La II Guerra Mundial provocó una enorme destrucción de infraestructura y poblaciones en toda Eurasia, del Atlántico al Pacífico, con casi ningún país sin heridas. El único poder industrial importante en el mundo que emergió intacto – incluso muy fortalecido desde la perspectiva económica- fue Estados Unidos, que caminó seguro a consolidar su posición.
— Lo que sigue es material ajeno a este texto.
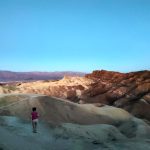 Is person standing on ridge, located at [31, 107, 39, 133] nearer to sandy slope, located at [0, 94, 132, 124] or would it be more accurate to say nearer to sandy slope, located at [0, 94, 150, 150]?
sandy slope, located at [0, 94, 150, 150]

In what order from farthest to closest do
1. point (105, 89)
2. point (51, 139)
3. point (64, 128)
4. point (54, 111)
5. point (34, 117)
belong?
point (105, 89) → point (54, 111) → point (64, 128) → point (51, 139) → point (34, 117)

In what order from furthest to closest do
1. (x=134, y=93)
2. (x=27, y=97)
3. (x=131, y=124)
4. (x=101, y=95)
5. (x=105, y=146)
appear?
(x=101, y=95) < (x=134, y=93) < (x=27, y=97) < (x=131, y=124) < (x=105, y=146)

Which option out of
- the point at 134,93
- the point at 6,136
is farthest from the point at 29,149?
the point at 134,93

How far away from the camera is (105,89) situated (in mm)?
71188

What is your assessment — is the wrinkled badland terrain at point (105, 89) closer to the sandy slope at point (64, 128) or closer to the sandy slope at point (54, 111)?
the sandy slope at point (64, 128)

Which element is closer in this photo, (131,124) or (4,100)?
(131,124)

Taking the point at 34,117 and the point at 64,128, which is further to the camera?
the point at 64,128

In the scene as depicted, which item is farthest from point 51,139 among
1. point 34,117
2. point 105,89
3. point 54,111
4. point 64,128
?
point 105,89

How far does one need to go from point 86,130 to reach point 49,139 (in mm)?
6996

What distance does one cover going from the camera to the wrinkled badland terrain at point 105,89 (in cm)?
6231

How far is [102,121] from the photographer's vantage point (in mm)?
40562

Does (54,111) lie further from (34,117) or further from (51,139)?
(34,117)

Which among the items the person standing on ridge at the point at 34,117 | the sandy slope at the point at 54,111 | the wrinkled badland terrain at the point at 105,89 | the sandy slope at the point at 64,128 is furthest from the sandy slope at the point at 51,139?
the wrinkled badland terrain at the point at 105,89

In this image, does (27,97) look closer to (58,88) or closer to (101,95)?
(101,95) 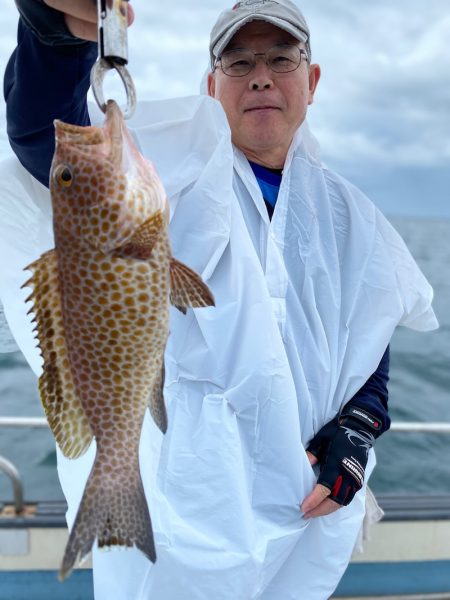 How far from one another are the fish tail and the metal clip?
88cm

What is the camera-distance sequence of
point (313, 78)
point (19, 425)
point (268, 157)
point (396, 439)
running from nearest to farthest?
point (268, 157)
point (313, 78)
point (19, 425)
point (396, 439)

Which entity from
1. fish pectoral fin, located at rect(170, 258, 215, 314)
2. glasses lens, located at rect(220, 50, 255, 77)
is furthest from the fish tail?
glasses lens, located at rect(220, 50, 255, 77)

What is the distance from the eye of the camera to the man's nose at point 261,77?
216 cm

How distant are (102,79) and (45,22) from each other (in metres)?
0.38

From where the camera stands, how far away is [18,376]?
8.41 metres

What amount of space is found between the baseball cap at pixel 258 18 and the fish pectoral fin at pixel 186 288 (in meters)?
1.20

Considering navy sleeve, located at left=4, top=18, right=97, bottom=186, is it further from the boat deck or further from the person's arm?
the boat deck

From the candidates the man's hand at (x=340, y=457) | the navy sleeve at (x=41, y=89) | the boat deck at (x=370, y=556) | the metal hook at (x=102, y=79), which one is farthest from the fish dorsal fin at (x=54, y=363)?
the boat deck at (x=370, y=556)

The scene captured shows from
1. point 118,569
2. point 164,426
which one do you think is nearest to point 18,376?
point 118,569

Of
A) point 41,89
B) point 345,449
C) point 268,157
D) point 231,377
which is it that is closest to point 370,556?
point 345,449

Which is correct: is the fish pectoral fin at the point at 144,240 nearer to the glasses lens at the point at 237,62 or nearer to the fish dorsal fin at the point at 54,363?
the fish dorsal fin at the point at 54,363

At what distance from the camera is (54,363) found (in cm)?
137

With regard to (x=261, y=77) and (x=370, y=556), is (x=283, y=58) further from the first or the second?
(x=370, y=556)

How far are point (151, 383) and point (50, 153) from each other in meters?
0.81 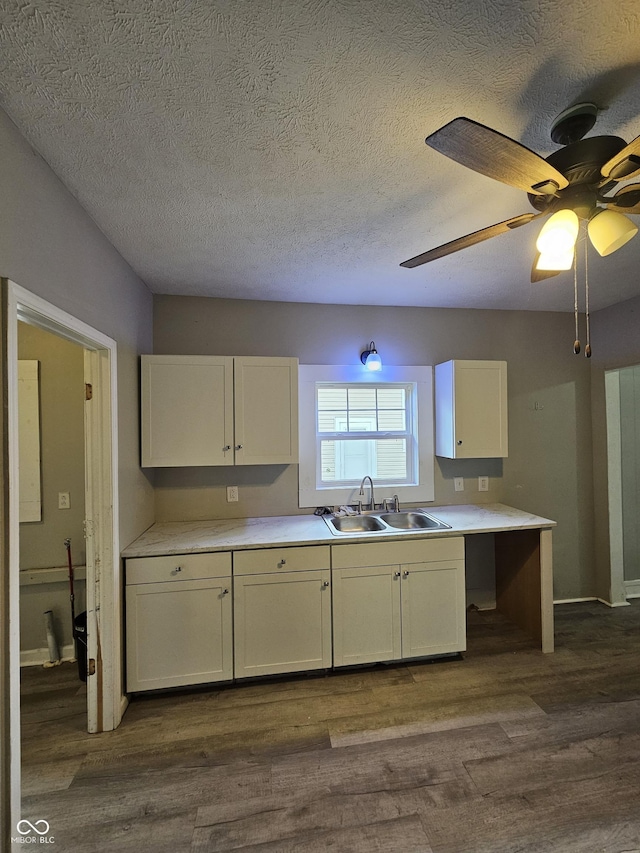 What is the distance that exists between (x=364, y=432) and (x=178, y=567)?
170 centimetres

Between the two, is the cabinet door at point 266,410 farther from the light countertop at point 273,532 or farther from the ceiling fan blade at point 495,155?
the ceiling fan blade at point 495,155

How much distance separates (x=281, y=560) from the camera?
2.27m

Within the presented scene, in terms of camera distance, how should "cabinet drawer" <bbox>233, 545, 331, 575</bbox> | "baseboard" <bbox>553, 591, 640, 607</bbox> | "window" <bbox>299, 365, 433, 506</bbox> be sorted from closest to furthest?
"cabinet drawer" <bbox>233, 545, 331, 575</bbox> → "window" <bbox>299, 365, 433, 506</bbox> → "baseboard" <bbox>553, 591, 640, 607</bbox>

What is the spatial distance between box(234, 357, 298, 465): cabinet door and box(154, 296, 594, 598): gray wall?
33cm

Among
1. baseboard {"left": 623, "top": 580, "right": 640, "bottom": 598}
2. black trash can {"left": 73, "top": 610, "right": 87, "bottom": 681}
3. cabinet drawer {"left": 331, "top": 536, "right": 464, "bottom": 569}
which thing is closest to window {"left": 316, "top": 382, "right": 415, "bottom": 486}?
cabinet drawer {"left": 331, "top": 536, "right": 464, "bottom": 569}

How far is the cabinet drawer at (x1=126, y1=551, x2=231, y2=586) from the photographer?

Pero la aspiración hegemónica enfrentó algunos obstáculos políticos prácticos. Durante la guerra, el poder aliado aceptó el establecimiento de las Naciones Unidas, compuesta principalmente por países que habían estado en la coalición contra el poder del Eje. El tema crítico de la organización era el Consejo de Seguridad, la única estructura que podía autorizar el uso de la fuerza. Desde que la Carta de las Naciones Unidas otorgó poder de veto a cinco potencias –incluyendo Estados Unidos y la Unión Soviética- el Consejo se volvió muy ineficaz en la práctica. Así, no fue la fundación de las Naciones Unidas en abril de 1945 lo que determinó los marcos geopolíticos de la segunda mitad del siglo XX, sino la reunión de Yalta entre Roosvelt, el primer ministro británico Winston Churchill y el líder soviético José Stalin, dos meses antes.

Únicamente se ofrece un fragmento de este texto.